Wednesday, February 3, 2010

Crossing the Border

I think that this has been my favorite reading because the material becomes so personal when told from first-person accounts. Every chapter strengthens the intricacy of my image of the Mayan people from Guatemala. In every chapter there is a concensus of fear for the government and being accused by the government as a subersivo (subersive). The Guatemala civil war has been in progress since 1954 when the Guatemalan military led a CIA-backed coup against the administration of President Jacobo Arbenz Guzman, the country's popularly elected president. During the last forty years, the military has been levying a campaign of terrorism and genocide against these groups, most of them Mayas, in order to distribute native peoples' land among plantation owners. I just watched the movie La historia actual and cannot help but make connections between Genaro's depiction of the Mayan town that does it's best to hide the graffiti that has unfortunately been painted all over a nearby bridge so that they are not all accused of being subersivos and the way a man could be found suspicious of subversiveness and his entire family would be taken in Argentina during the Dirty War. The Dirty War (Guerra Sucia) refers to the state-sponsored violence in Argentina against left-wing guerrillas and their sympathizers from roughly 1976 to 1983 carried out primarily by Jorge Rafael Videla's military dictatorship but continued until the return of democracy in 1983.

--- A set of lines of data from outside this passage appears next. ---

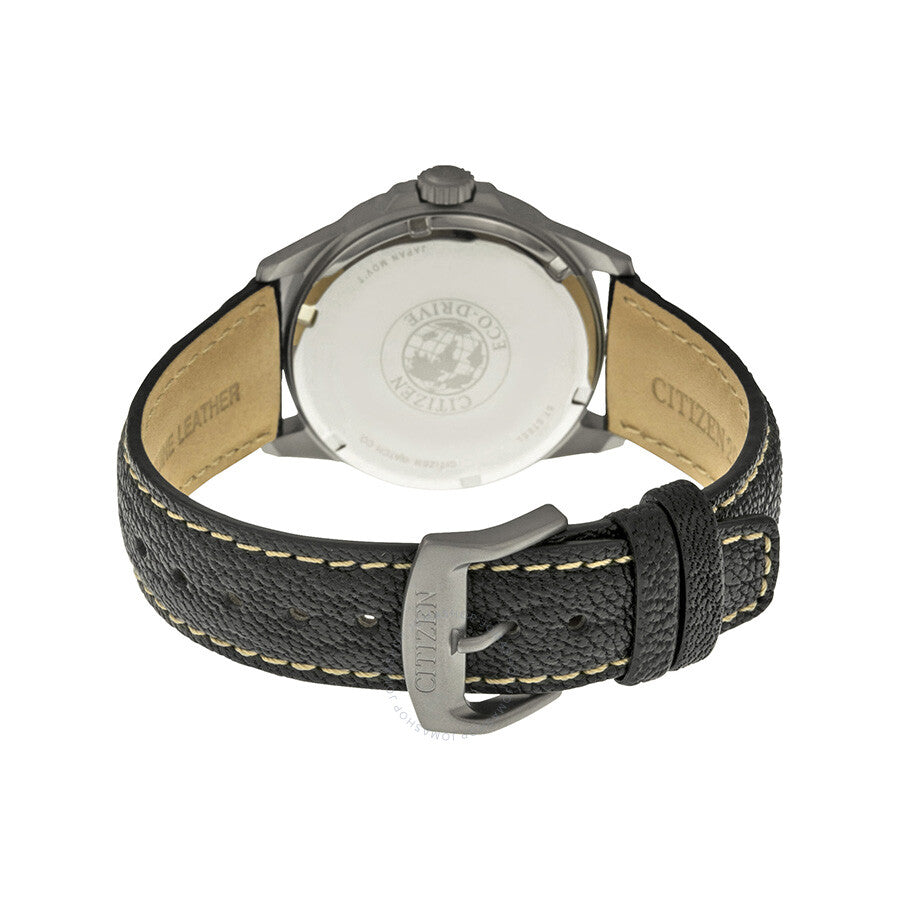 Citizen Military Eco-Drive Black Dial Black Leather Quartz Men's Watch AW0040-01E - Dawson Watches #3
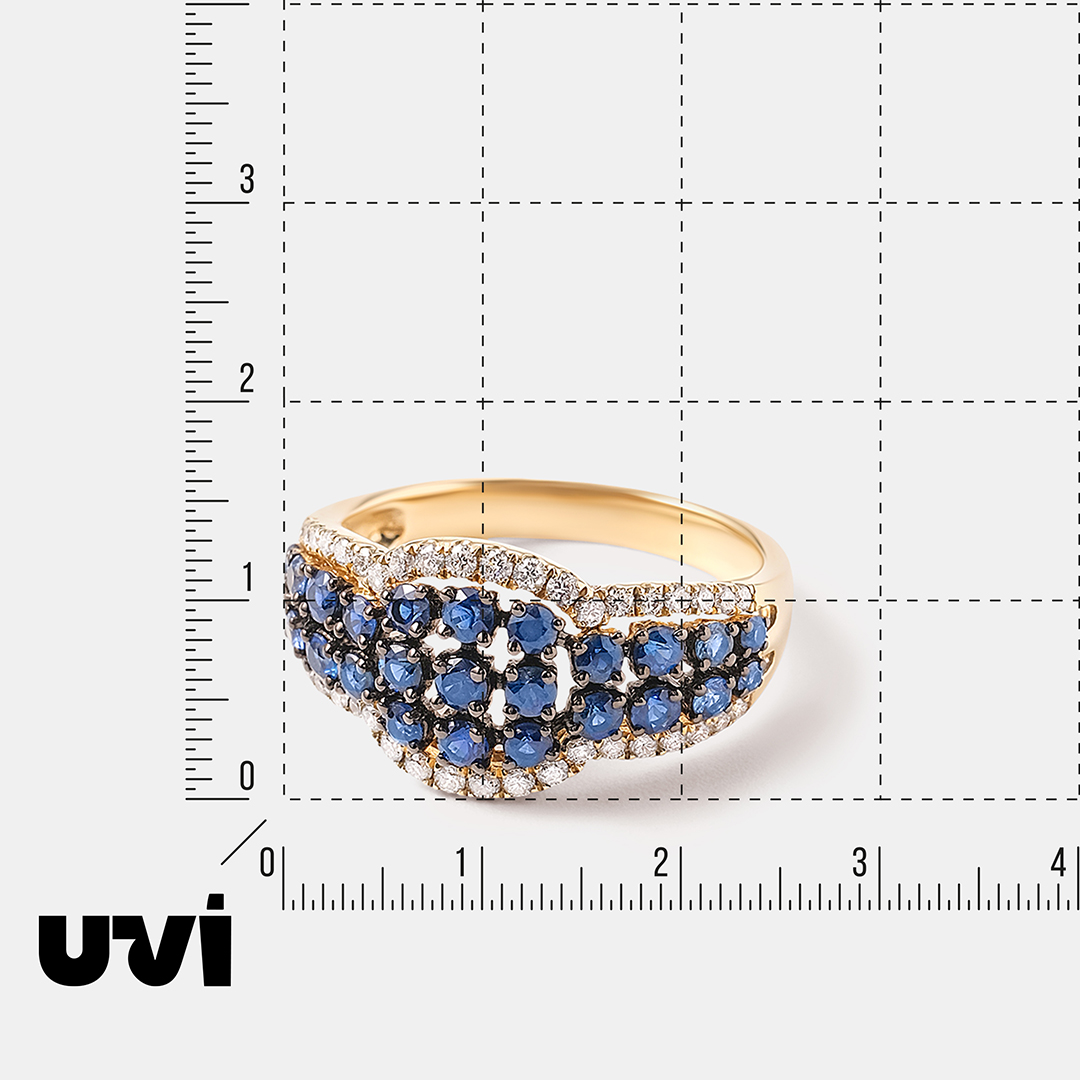 Кольцо из желтого золота с сапфирами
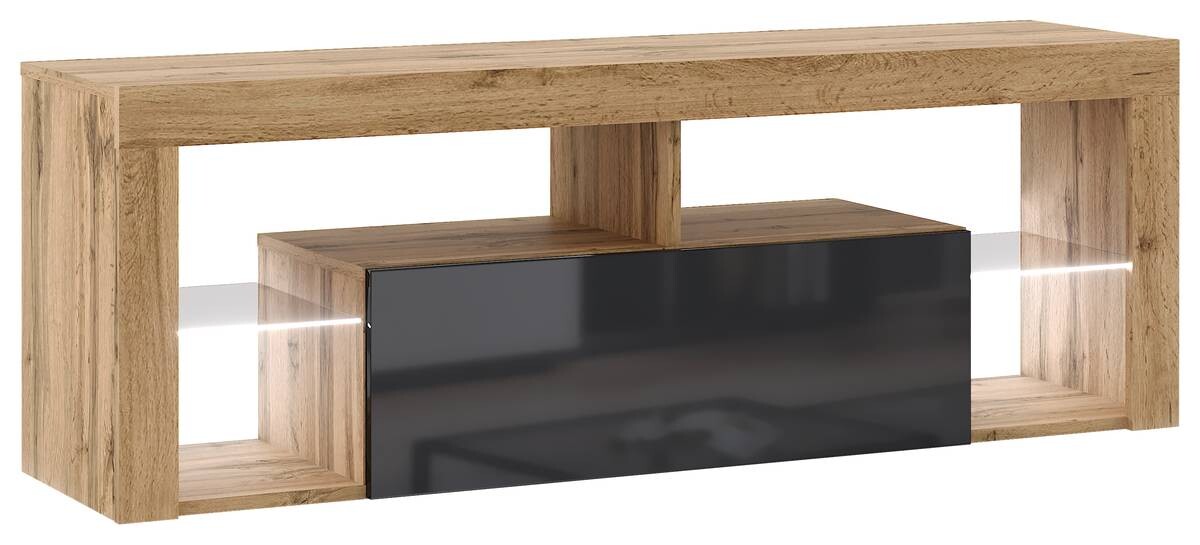TV-Lowboard TV LOWBOARD Everest 140 LED Eiche Wotan Nachbildung schwarz glänzend B/H/T: ca. 140x50x35 cm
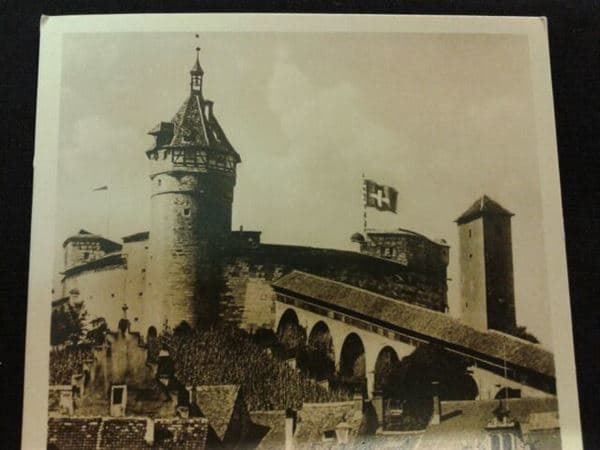 Cartoline postali: Schaffhausen Rheinbrücke mit Munot – Usato da Schaffhausen venduto da vintageworld 5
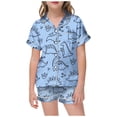 thumbnail image 1 of Pyjama en Satin pour Fille Imprimé Manches Courtes Boutonné Hauts Unis Ensemble T-Shirt Ensemble de Pyjama Mode pour Filles Pyjama pour Garçons Garçons Filles Mode, 1 of 5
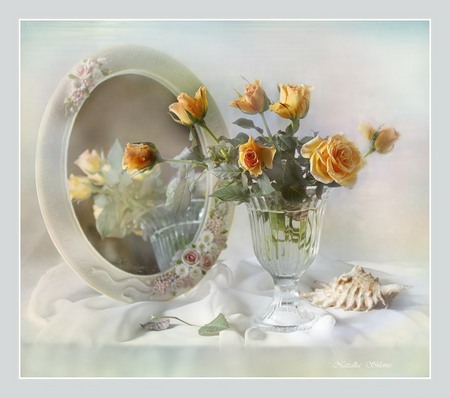 still life - beautiful flowers, roses, photography, still life, vase, flower bouquet, mirror, orange, harmony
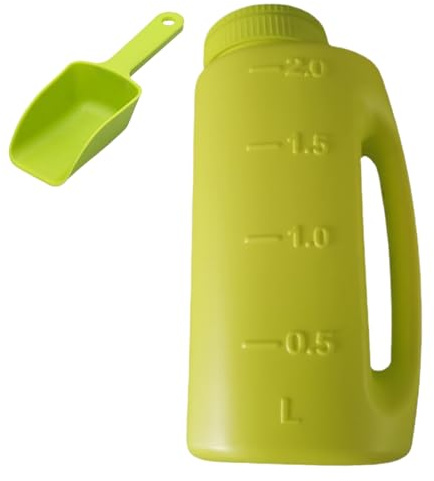 Handstreuer 2 Liter – Für Salz, Streusplitt, Rasensamen & Dünger | Mit Messlöffel & Verstellbarer Öffnung, Robust für Garten, Hof und Gehweg im Winter & Sommer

"Borders are not just lines on a map. They are mental as much as georaphical constructs, states of mind, not mere arrangements in space (13)." A way that both Guatemalans and Argentinias escaped the fear of their government was by crossing the border into another country. Genaro had to cross the border three times before being sent all the way back to Guatemala. Today, even if Guatemalan's say that they are from Mexico, if they do not have the right attitude and accent in their Spanish then they will not fool the border police and will be sent back to their country. This raises the question of border patrol...who does and does not get to live in the United States? Immigration into the U.S. is an issue that makes for strange bedfellows. Supporters of current immigration levels include corporate interests that profit from cheap foreign labor, ethnic lobbies seeking to increase their political base, and religious activists, humanitarians, and civil libertarians who focus on human rights and other ethical concerns. Opponents include nativists who view non-European immigrants as a threat to American culture, environmentalists who dread immigration-fueled population growth, and labor advocates who fear that immigration is taking jobs from U.S. citizens and depressing U.S. wages. On the right of the political spectrum, free marketers square off against cultural conservatives. On the left, civil rights and ethnic advocacy groups oppose environmentalists and job protectionists.

1 comment:

  1. Hanna,

    you make some great points about the odd alliances forming around migration policy. One thing you might want to look at while thinking about South American borders and counter-insurgency is the Operation Condor program, a US-assisted program which helped track down revolutionaries even while in exile or in hiding, across national borders: http://en.wikipedia.org/wiki/Operation_Condor

    Leaders of the resistance to Pinochet were killed by a car bomb in Washington, D.C., and this (arguably) had a lot to do with why Central American refugees were targeted for immigration enforcement in the US in the 1980's.